MISA PERUTUSAN DARI KISOL


Renungan Misa Perutusan

Rm.Bone, Rm.Don, Fr.Kristian, Fr.Redy

Kis.3,1-10; Mrk.10,46-52

Seminari Kisol Kamis, 14 Juni 2012

Emas dan Perak tidak ada pada kami….

Bukanlah hal yang baru bagi Komunitas ini untuk menjadikan moment perpisahan sebagai moment perutusan. Karena itu kita lebih suka menggunakan rumusan misa perutusan daripada menggunakan rumusan misa perpisahan. Perpisahan itu konotasinya pasif negatif sedangkan perutusan konotasinya aktif dan positif. Aktif dan positif karena perutusan itu identik dengan tugas yang diterima untuk dilaksanakan sesuatu. Pertanyaan pokoknya satu saja: diutus untuk apa? Pertanyaan lainnya akan mengarah pada pertanyaan pokok ini. Pertanyaan itu, hari ini diarahkan kepada kami berempat dan jawaban kami tentu berbeda-beda sesuai konteks kami. Meskipun demikian sebagai orang beriman tentu kita menyatukan semuanya  dalam makna perutusan yang lebih luas lagi. Kami berempat yang telah menjejakkan kaki di tempat ini akan pergi. Kami pergi kamu tinggal, kamu punya harapan atas kami dan kami punya perjuangan untuk harapan kamu. Saat ini kita berada dalam konteks perutusan sebagai orang beriman. Karena itulah, moment ini jangan dilihat sebagai hal istimewa hanya buat kami yang akan pergi tetapi sebagai saat istimewa buat kita semua. Keistimewaan moment ini bagi kita bisa ditemukan melalui pesan firman Tuhan yang diperdengarkan untuk kita saat ini.

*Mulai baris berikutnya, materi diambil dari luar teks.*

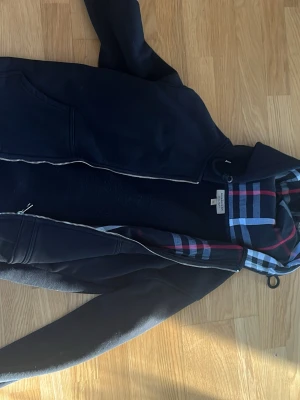 Burberry hoodie  - Svart hoodie från burberry den blev för liten 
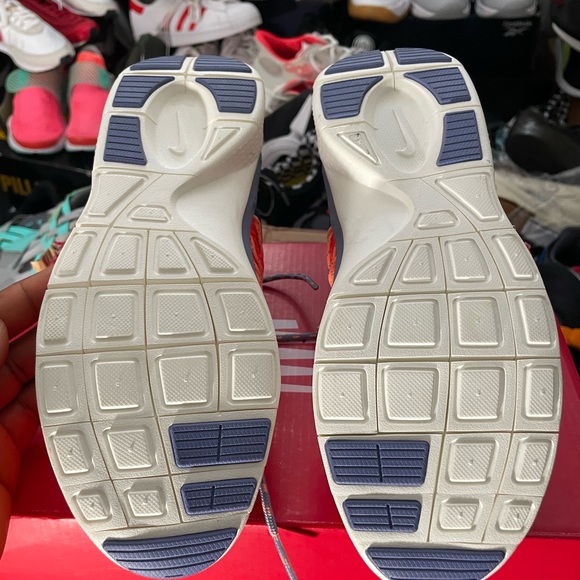 Womens NIKE FREE VIRITOUS Orange Trainers 725060 600 Size 7 - Picture 5 of 5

Dua kisah tadi terjadi di tempat yang berbeda. Pertama terjadi di Gerbang indah Yerusalem yang merupakan salah satu dari delapan gerbang masuk ke kota Yerusalem. Gerbang indah merupakan gerbang yang paling banyak dilalui para peziarah. Saya pertama kali masuk kota Yerusalem tahun lalu justru melalui gerbang indah ini meski berdesakan dengan ribuan peziarah dari seluruh dunia. Di sana pemandu menunjukkan kami tempat Petrus dan Yohanes menyembuhkan orang lumpuh yang dikisahkan dalam bacaan pertama tadi.  Bacaan injil menampilkan kisah yang mirip tetapi lokasinya ada di gerbang kota Yerikho. Pemandu juga telah menunjukkan kami tempat itu setelah melintasi pohon Zakeus dan bukit pencobaan. Sepintas dua kisah tadi memang berkaitan dengan dunia medis karena berbicara tentang penyembuhan orang lumpuh dan orang buta, tetapi bagi saya sebenarnya dua teks ini juga mewacanakan perutusan orang beriman yang berkaitan dengan proses belajar.

Setiap perutusan dapat dikatakan sebagai saat untuk belajar dalam konteks yang seluas-luasnya. Setiap orang yang diutus untuk suatu tugas tertentu dengan sendirinya dan bahkan tanpa disadari ditempatkan ke dalam kerangka prilaku dan peritindak belajar. Mengapa? Karena untuk menjalankan misi perutusan secara benar orang dituntut untuk mempelajari banyak hal. Untuk dapat mempelajari banyak hal orang yang diutus itu harus mampu mendisposisikan dri sebagai orang yang membutuhkan bantuan dan pertolongan orang lain.  Orang yang diutus itu harus dan mesti menempatkan diri dan seluruh sikapnya dalam spirit perjuangan seorang lumpuh atau seorang yang buta. Proses perutusan, proses belajar bermula dan terjadi ketika seseorang merasakan adanya keterbatasan pada dirinya. Perutusan juga membahasakan keterbatasan. Orang lumpuh diusung ke gerbang Yerusalem karena keterbatasan fisik. Orang buta ke gerbang Yerikho juga karena keterbatasan fisik.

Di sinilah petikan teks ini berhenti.